For China, cryptocurrency is a very complicated asset. On the one hand, provincial and state bureaucrats receive cryptocurrency as payments for allowing crypto miners to use state assets to further their economic systems (we see this in the case of governors who allow miners to receive power from a hydroelectric dam in exchange for a portion of the crypto-assets mined). This symbiotic relationship stretches far up the governance structure. On the other hand, the rulers of monetary policy see high net-worth individuals as using cryptocurrency to evade taxation and export money beyond the border of the republic in stark contrast to the decree of the ruling party. Exporting money from the mainland is strictly frowned upon but it’s next to impossible to isolate crypto to crypto movements to a physical location.
If I send money from one bitcoin address, let’s say at Huobi, to another address, it’s actually impossible for Huobi to verify where that address physically lives unless it’s on a list of known addresses. It’s totally possible that Huobi could maintain a list of known addresses, but for various technical and political reasons, that’s hard. The best effort most places can make is a checkbox pushing the assertion of the location of the destination onto the user, but that’s about as effective as coinbase’s famous “check this box if you’re a qualified investor” which was part of the problem with their flash crash (and now a defunct feature in their system). In short, tracking the movement of bitcoins beyond the addressing of the network is really hard.
Getting back to the narrative of why China banned ICOs, it seems that the rulers of monetary policy wish to impose a chilling effect on the movement of currency out of China, but not to the point of outright banning all cryptocurrency because of how much investment those same rulers have in the asset class. In short, Chinese state actors own too much cryptocurrency to outright ban it, but they want to stop more money from fleeing the country (and new actors from becoming members of the ruling class). It is this catch-22 that leads them to impose what is essentially a meaningless ban on new ICOs, since the wealthy will still be able to invest in new ICOs, while still allowing exchanges to traffic in the very assets which allow the movement of value out of the country.
It seems likely that what will happen is that exchanges will remain active in China and ICOs will move out of China. The net effect will simply be that China does not recognize any net economic benefit from the establishment of new currencies and, at the same time, does almost nothing to stem the movement of value from their shores. This decision is, in effect, the worst of both worlds.

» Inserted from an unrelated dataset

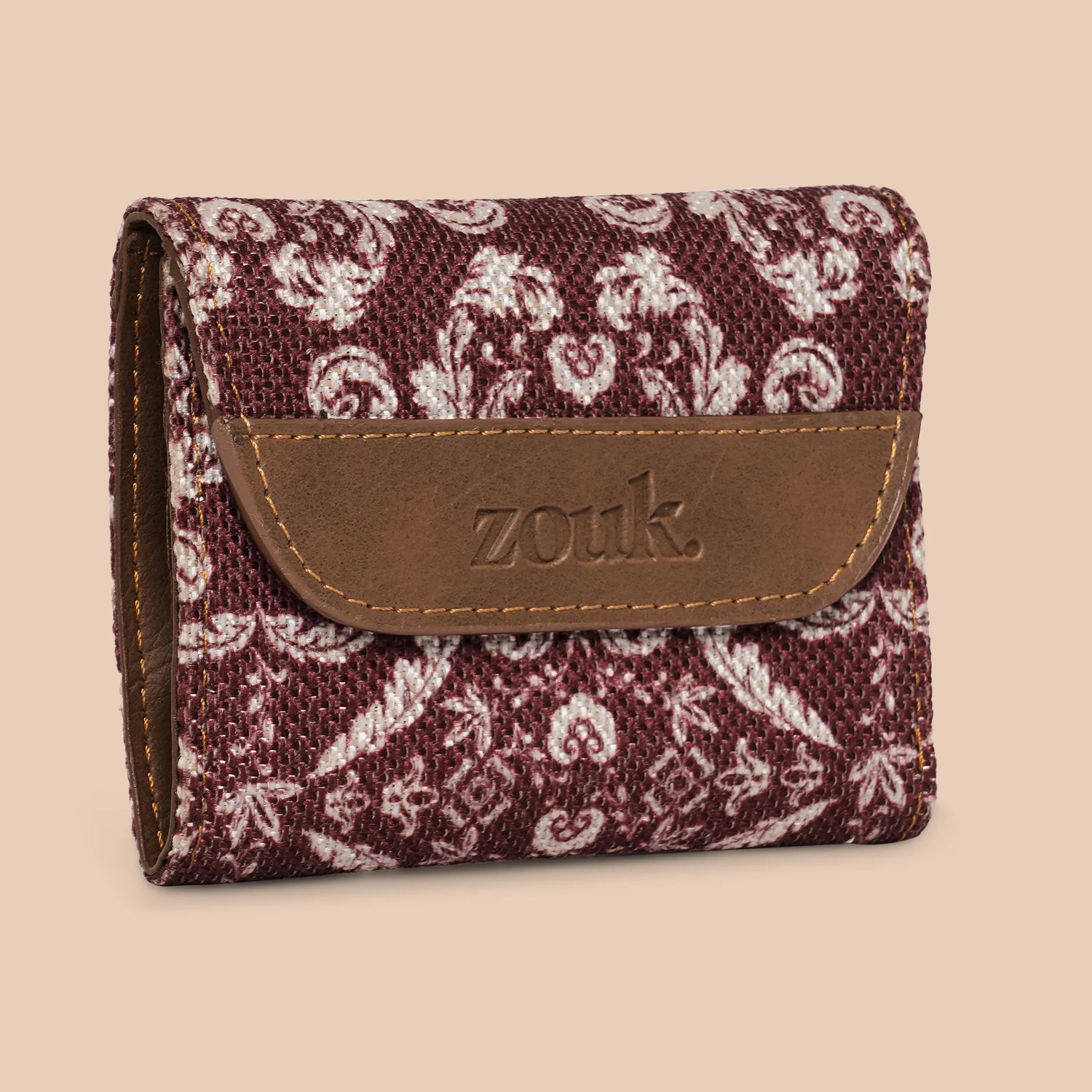 Falaknuma Brown Jaali Trifold Wallet - Image 3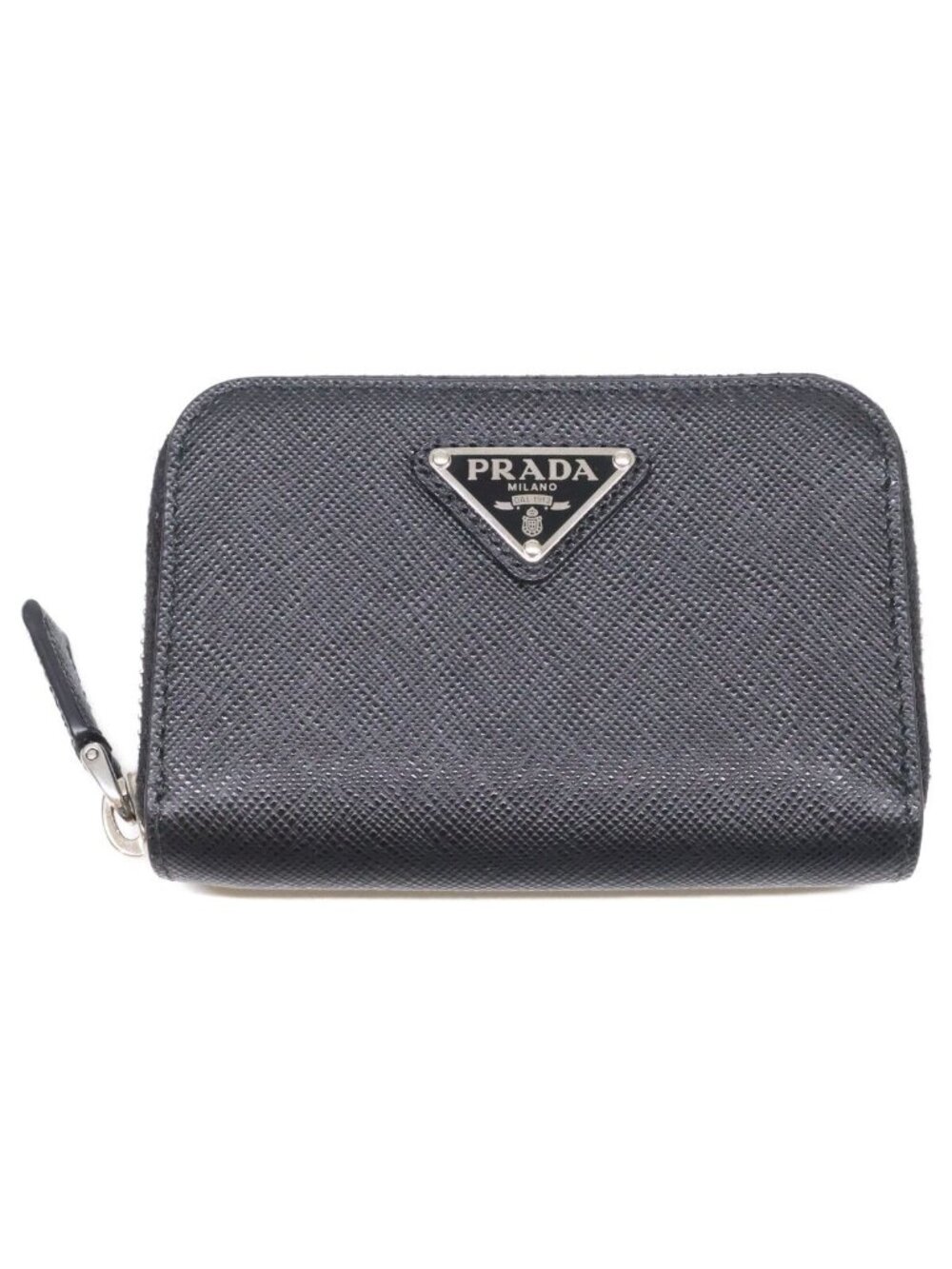 Prada 2 Triangle Coin Purse Black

Even if China were to ban exchanges from trading anything except Bitcoin and Ethereum, it would still do nothing to stem the flow of value from the mainland. Anything short of a full ban on cryptocurrencies is effectively missing the forest for the trees and it seems, given how many cryptoassets are owned by the ruling party, extremely unlikely that such a ban would ever come to pass. That is to say, Bitcoin and Ethereum are synonymous with the ruling class of China, so why allow any new currency to threaten the embedded power structures?